Washington Tax Alert – July 8, 2008 – Start-up and organizational expenditures

Washington Tax Alert from Don Barnes, [email protected]
July 8, 2008

The Service issued temporary regulations yesterday under IRC §§ 195, 248 and 709 relating to the deduction and amortization of start-up and organizational expenditures. Statutory changes made in 2004 permit up to $5,000 of these expenditures to be deducted in the taxable year in which the taxpayer begins an “active trade or business” (in the case of start-up expenditures) or begins “business” (in the case of organizational expenditures), subject to certain limitations.

The new temporary regulations indicate that taxpayers may request changes in methods of accounting where expenditures are misclassified, or where the taxpayer incorrectly determines the taxable year in which its business begins. Therefore, a change in the characterization of an item as a start-up or organizational expenditure is a change in method of accounting if the taxpayer has treated the item consistently for two or more taxable years.

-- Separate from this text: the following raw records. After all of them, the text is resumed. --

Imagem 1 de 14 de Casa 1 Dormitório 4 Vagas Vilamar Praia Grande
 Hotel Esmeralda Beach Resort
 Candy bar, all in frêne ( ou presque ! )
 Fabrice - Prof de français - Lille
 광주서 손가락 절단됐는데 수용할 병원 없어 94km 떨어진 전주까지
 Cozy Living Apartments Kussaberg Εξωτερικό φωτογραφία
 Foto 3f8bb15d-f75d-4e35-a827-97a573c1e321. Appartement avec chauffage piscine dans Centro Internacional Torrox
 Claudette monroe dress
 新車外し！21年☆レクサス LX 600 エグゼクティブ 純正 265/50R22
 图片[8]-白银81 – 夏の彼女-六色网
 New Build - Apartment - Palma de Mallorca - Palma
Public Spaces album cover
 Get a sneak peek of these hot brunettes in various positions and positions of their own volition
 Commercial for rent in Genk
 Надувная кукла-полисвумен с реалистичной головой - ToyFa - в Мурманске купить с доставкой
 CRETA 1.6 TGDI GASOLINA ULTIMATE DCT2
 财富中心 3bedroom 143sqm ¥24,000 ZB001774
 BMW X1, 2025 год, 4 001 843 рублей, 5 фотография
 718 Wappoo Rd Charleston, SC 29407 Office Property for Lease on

Similarly, a taxpayer may change its tax accounting for start-up and organizational expenditures if it has filed tax returns for two or more years based on an erroneous determination of the taxable year in which it began business.

The new temporary regulations are effective for expenditures paid or incurred after September 8, 2008, but taxpayers are permitted to apply the new regulations to start-up and organizational expenditures paid or incurred after October 22, 2004, assuming the statute of limitations has not expired for the taxable year in which the taxpayer began business.